Even after a bottle of Androstenedione, a steroid precursor, was found in the locker of Mark McGwire, the focus was on McGwire’s race with Sammy Sosa to break the single season home run record of 61 set by Roger Maris. The players were lifted up on pedestals from the same guys not voting for them now.
I just think — I agree with Miami Herald sports writer and ESPN personality Dan Le Batard — the voting process has become hypocritical.
I don’t agree with what Le Batard did with his Hall of Fame vote, but voting members of the BBWAA seem to have positioned themselves as judge and jury over potential inductees.
There are character issues with plenty of current Hall of Fame members. There are bigots, womanizers, drunks, drug users and cheaters already with busts in Cooperstown. No one is perfect, so let’s not pretend that the players we watch for entertainment on the diamond are. Especially, when so many of the voters have vices of their own.
I wish we could just vote for what was done on the field. That thought is probably more intended for a fantasy world.
But to not vote for Greg Maddux because he played during this era, as Ken Gurnick of MLB.com did, is foolish. To hold back a vote so someone isn’t worthy as a “First Ballot” inductee is silly. To not vote for Mike Piazza or Jeff Bagwell because of a suspicion is absurd. To vote for Jacque Jones, Armando Benitez or J.T. Snow is just plain dumb.
Really, it’s a good thing these voters are baseball writers and not judges in a court of law.
Voting for the Hall of Fame is debating the worthiness of Jack Morris and Alan Trammell and how they played a game and stacked up against other contemporaries.
But let’s remember this is still just a game. Fans have paid to see these players, these “suspected PED users” and I’m sure would pay to see them in Cooperstown.
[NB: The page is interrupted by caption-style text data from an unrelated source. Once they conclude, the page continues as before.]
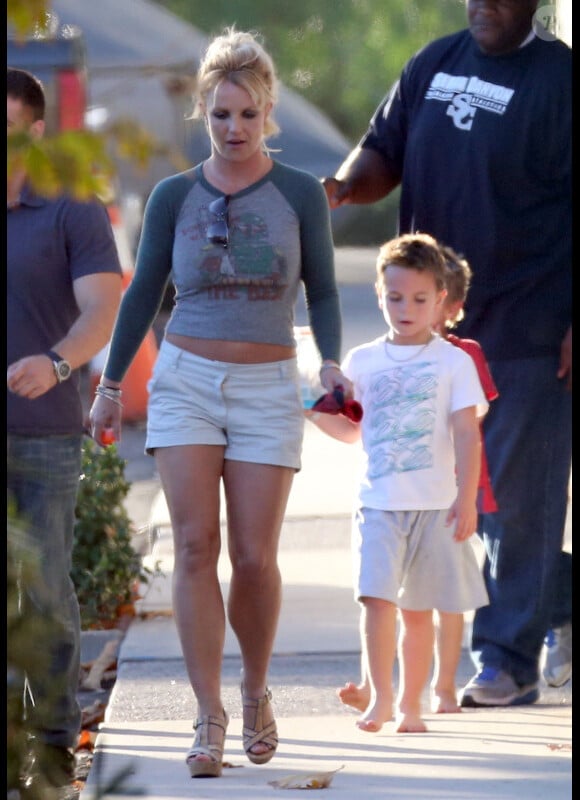 Britney Spears se promène avec ses fils, à Los Angeles, le vendredi 19 octobre 2012.
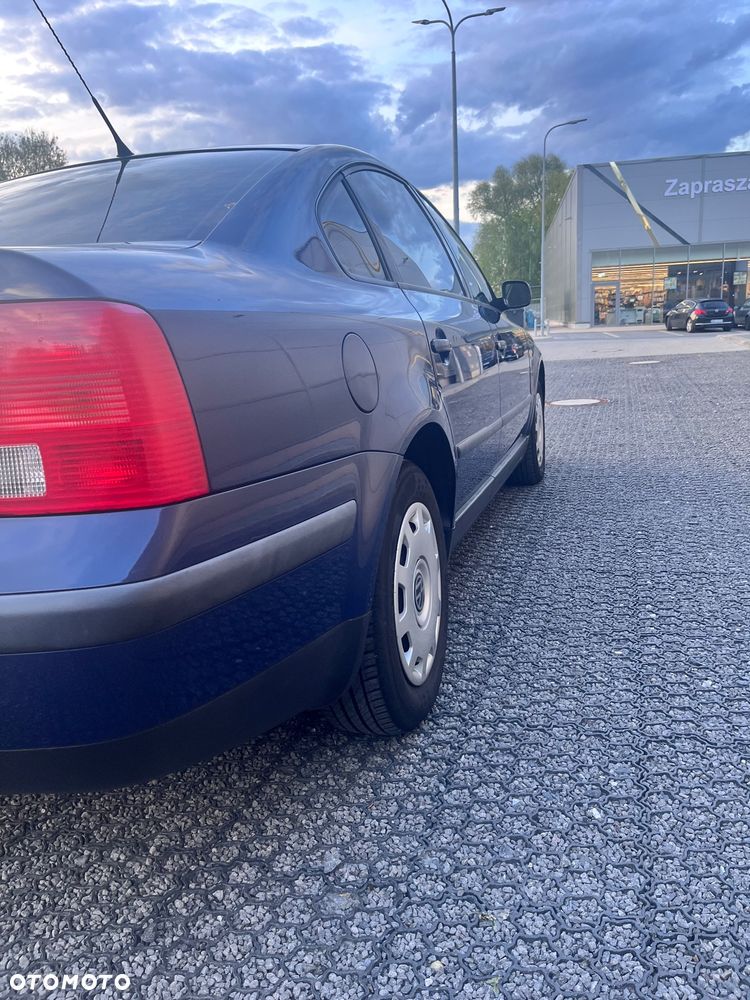 Volkswagen Passat 1.6 - 12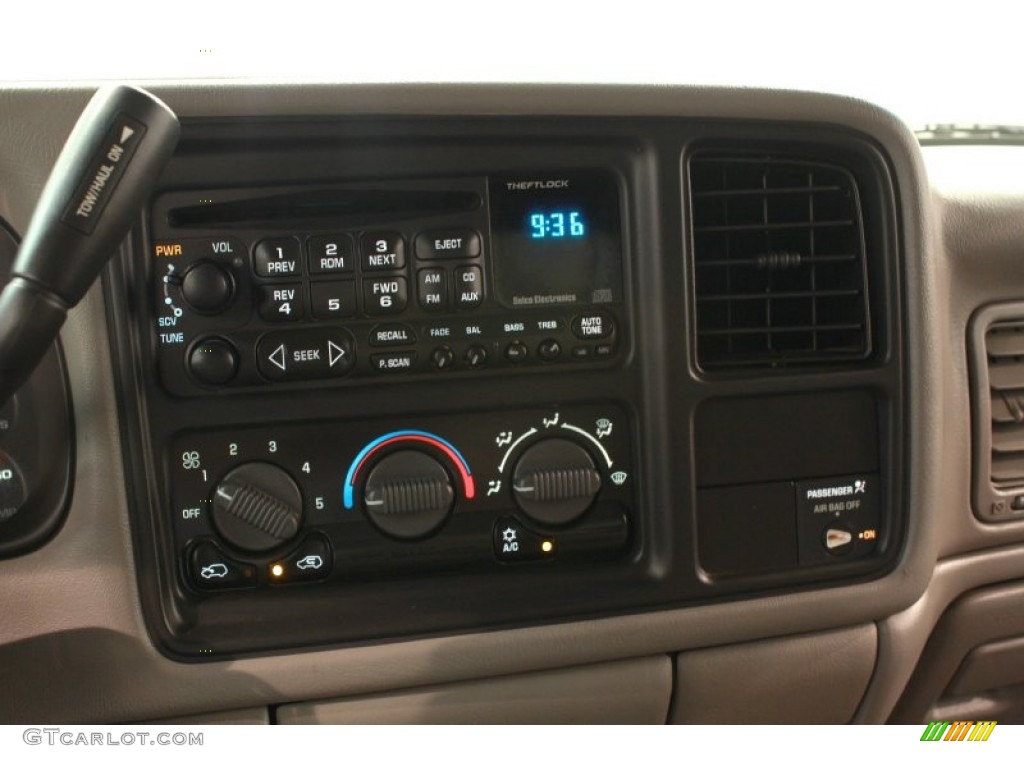 1999 Chevrolet Silverado 1500 LS Extended Cab Controls Photo #75913979
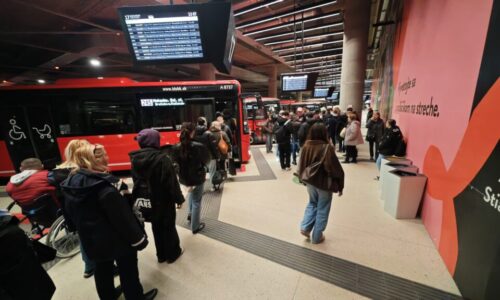 Za zhoršené prevádzkové podmienky na autobusovej stanici Nivy nesie plnú zodpovednosť súkromný prevádzkovateľ. Bratislavský kraj rieši dôsledky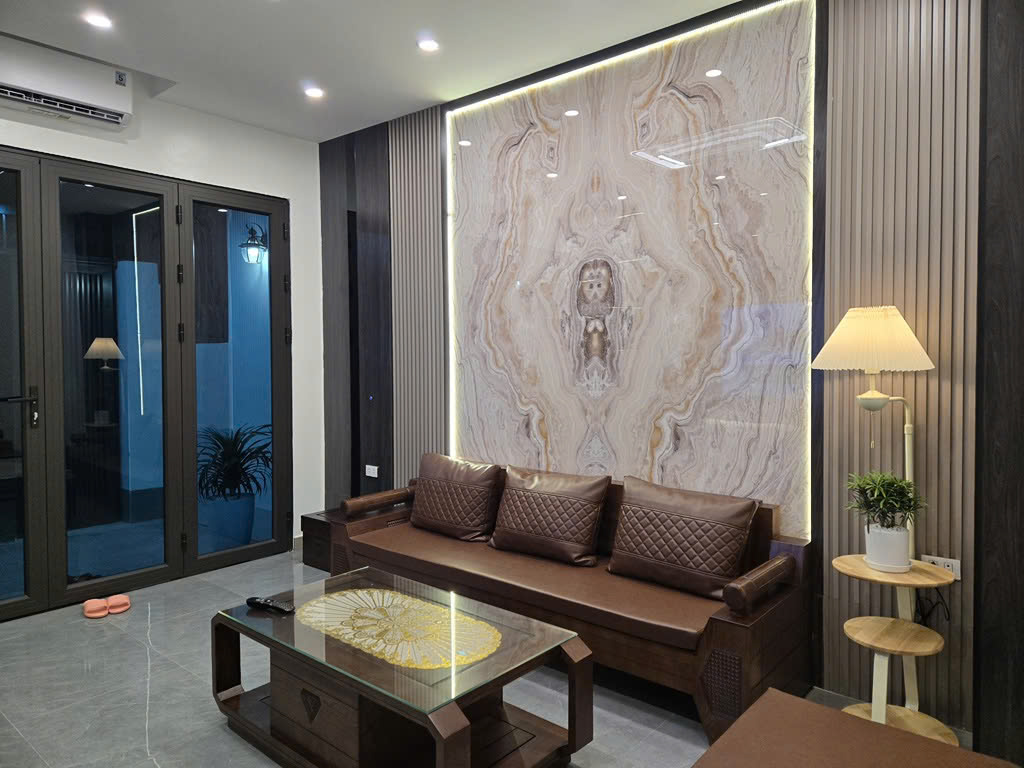 TÔN ĐỨC THẮNG, NHÀ ĐẸP Ở NGAY,  2 MẶT THOÁNG, 100M RA HỒ DT: 45.5/51M2, 3T, GIÁ CHÀO: 10.5 tỷ. - Ảnh chính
Not voting for players from a certain era will not take away the fact that this happened. Heck, Bobby Cox, Tony LaRussa and Joe Torre are riding the coattails of suspected PED users right into Cooperstown.
I say put Barry Bonds and Roger Clemens in the Hall of Fame. Also acknowledge what they did, or believed to have done and the era in which they played.
And while we’re at it, clear out a place for Pete Rose and Shoeless Joe Jackson.